In the early 12th century, the Jurchen leader Aguda sent ambassadors to the Liao dynasty to call on the Balhae people there to rebel against the Liao by appealing to a common origin between the Jurchens and Balhae. Aguda claimed that "the Jurchens and Bohai were originally of the same family" (女直渤海本同一家) and that they were "actually one family, because in origin they were consisted of seven Wuji tribes." The appeal states that both the Jurchens and Balhae people descended from the seven Wuji (Kr. Mulgil) tribes. However, according to Alexander Kim, this only applied to the Mohe portion of Balhae's population and not the Goguryeo people, who were not included in the seven Wuji tribes. The call for Balhae cooperation against the Liao Khitans was a success. A Song observer notes that due to discrimination in the Liao government against Balhae people, they were the first to defect to the Jin.
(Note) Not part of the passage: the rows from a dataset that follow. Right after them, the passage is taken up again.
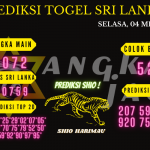 data sri lanka 2021, prediksi sri lanka hari ini 2021, keluaran sri lanka 2021, pengeluaran sri lanka 2021, paito sri lanka 2021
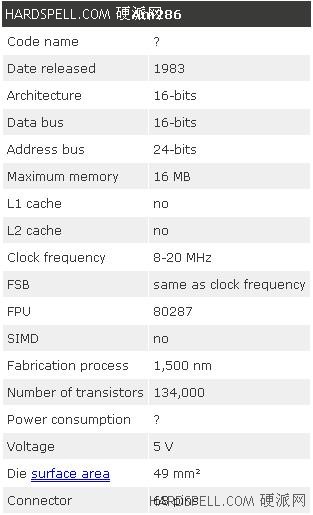 从模仿到创新 AMD史上经典处理器回顾 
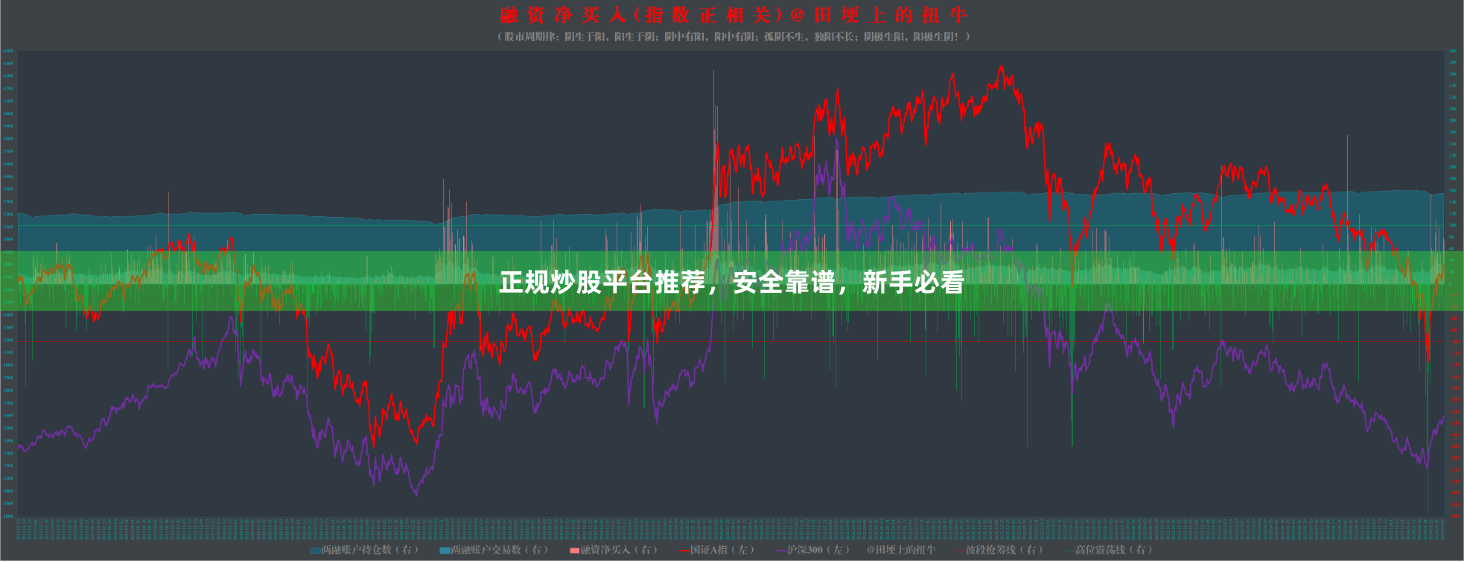 正规炒股平台推荐，安全靠谱，新手必看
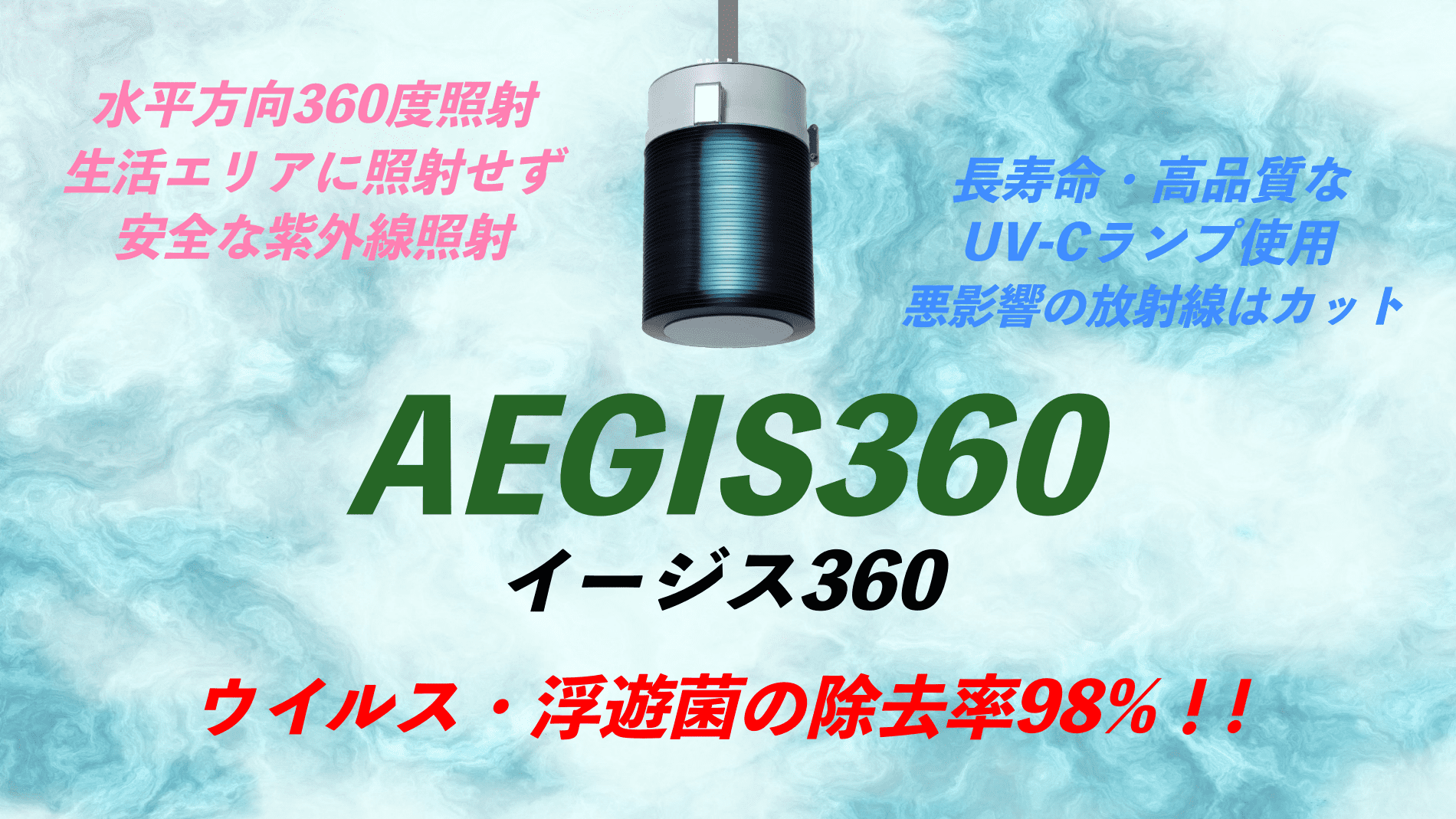 AEGIS360メイン画像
Families of Balhae descent were able to rise high in the Jin hierarchy. Aguda was advised by a Balhae man named Yang Pu who aided him in establishing an imperial court. Another Balhae man named Gao Qinyi became the advisor of Wanyan Zonghan, a Jurchen general and close friend of Aguda. An 1125 embassy noted that Jin protocol officers included Khitans, Jurchens, as well as Balhae. They all spoke Chinese. Balhae descendants were integrated into the Jin military and government structure, serving as military commanders in the wars against the Song dynasty and the Mongols, as well as advisors for the Jin emperors. Some Jin emperors were descended from Balhae people through their mothers. Many Balhae-literati officials were trusted as arbiters of culture. Despite significant integration into the Jin state, the Balhae people continued to exist apart from the Jurchens, but their identity gradually eroded under Jin rule, possibly as a result of southward migration by large groups of Jurchen soldiers and their families.

Many Balhae people who were deeply integrated into the Jin state eventually rejected their Balhae identity and chose to identify as Chinese. By the time of Balhae's demise, its people's way of living had come to resemble that of the northern Chinese. The Liao dynasty classified the Balhae population as Han in legal and taxation contexts, the same as those whose ancestry was traced to the Tang empire. Some Mohe groups did not adopt this manner of life and were excluded from the Liao's designation of Balhae. Instead, they remained as Mohe, and possibly became one of the groups that eventually coalesced into the Jurchen people.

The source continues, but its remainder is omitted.